1976: The "Crucifier", a race boat powered by a Banks fuel-injected nitro HEMI wins every event it enters, including the NDBA (National Drag Boat Association) and APBA nationals.

1978: Gale Banks Engineering is contracted by N.I.S.T.A. in the Department of Transportation to develop the power train for its Large Research Safety Vehicle (L.S.R.V.) program. When finished, it met proposed 1985 fuel and emission standards. This year also saw Banks develop the world's first electronically injected oxygen-sensing turbocharged engine for Volvo.

1981: Banks creates the high performance diesel aftermarket with his first turbocharger system developed for the 6.2 litre GM diesel. Also that year, a Banks-powered 450-hp twin-turbo Buick V-6 becomes the prototype for the Buick Grand National production car.

1982: The "Sundowner" Corvette, powered by a Banks twin-turbo big block, becomes the "World's Fastest Passenger Car" at 240 mph, taking the record away from the "Hanky Panky" Studebaker, which also used a Banks-developed twin-turbo power plant. This year also saw the Banks twin-turbo powered S-1 Express take an APBA world championship.

1984: A street-legal Pontiac Trans Am with 700-hp and a Banks turbo breaks the 200 mph barrier and becomes a cover story for Car & Driver magazine.
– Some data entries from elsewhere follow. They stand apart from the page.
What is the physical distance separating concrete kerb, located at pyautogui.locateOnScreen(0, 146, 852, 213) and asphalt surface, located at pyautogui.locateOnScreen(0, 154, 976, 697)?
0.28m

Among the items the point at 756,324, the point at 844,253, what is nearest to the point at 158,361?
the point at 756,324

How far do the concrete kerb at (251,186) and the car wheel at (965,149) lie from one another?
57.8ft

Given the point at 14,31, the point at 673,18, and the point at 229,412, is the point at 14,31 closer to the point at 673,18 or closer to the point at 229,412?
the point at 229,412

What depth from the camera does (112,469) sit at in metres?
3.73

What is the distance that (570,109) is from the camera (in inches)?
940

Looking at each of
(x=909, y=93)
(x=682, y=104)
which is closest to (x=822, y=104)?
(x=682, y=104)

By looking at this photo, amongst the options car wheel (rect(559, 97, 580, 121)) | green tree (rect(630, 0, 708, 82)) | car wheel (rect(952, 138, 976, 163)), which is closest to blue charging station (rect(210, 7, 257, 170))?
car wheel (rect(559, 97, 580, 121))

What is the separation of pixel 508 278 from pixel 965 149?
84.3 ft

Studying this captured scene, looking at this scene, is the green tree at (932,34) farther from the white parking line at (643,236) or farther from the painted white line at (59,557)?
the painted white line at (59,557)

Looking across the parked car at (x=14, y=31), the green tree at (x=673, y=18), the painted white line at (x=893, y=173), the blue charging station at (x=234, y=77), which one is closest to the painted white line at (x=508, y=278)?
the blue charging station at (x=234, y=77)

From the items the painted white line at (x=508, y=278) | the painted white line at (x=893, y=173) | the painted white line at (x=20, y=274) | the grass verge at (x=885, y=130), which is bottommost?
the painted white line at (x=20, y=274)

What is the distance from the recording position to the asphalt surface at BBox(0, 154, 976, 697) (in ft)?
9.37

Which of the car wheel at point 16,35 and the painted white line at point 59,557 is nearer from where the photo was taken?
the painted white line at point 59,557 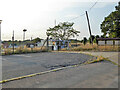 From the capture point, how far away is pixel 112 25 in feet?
75.2

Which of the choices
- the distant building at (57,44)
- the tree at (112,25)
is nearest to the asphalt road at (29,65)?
the distant building at (57,44)

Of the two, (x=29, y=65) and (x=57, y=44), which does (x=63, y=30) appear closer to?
(x=57, y=44)

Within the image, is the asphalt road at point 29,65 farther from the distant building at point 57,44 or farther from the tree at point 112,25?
the tree at point 112,25

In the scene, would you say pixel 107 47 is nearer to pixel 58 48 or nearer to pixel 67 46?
pixel 67 46

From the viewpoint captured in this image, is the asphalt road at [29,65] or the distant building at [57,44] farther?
the distant building at [57,44]

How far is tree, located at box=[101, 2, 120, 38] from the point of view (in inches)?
863

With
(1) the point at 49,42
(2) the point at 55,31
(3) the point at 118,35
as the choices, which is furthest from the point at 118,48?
(2) the point at 55,31

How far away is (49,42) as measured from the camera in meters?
21.0

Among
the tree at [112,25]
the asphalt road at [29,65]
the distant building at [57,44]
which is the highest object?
the tree at [112,25]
1987: A Banks Power twin-turbo, 1800-hp Pontiac GTA sets a new "World's Fastest Passenger Car" speed record at Bonneville Salt Flats at 277 mph as certified by the Southern California Timing Association. This record stood for the next ten years.
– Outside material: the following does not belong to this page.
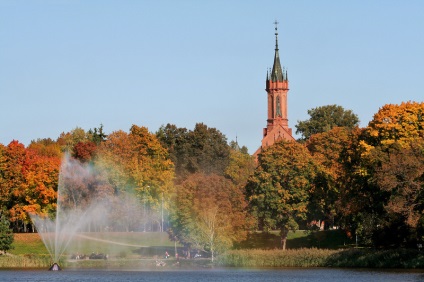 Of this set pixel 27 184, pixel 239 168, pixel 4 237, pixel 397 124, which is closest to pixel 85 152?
pixel 27 184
1988: Banks turbocharger systems become a GM dealer-specified option.

1992: A Banks Power-developed twin air intake and intercooler system results in a claimed 80-hp improvement on the factory-turbocharged Dodge Cummins engine.

1993: The Banks "Sidewinder" aftermarket turbocharger is introduced. Tests show that turbo-lag times decrease and throttle response improves when compared with factory turbochargers.

1994: Banks begins offering intercoolers to improve the performance of the Ford Power Stroke diesel. At this time, the Ford factory was not using intercoolers on their diesel-powered pickup trucks.

2002: A street-legal Dodge Dakota pick up truck built in the Banks Power shop with a 735-hp, 1300 lb-ft, 5.9 litre Cummins hauls its own trailer to Bonneville and sets the FIA record for "World's Fastest Pickup Truck" with a two-way average of 217 mph and one-way top speed of 222 mph.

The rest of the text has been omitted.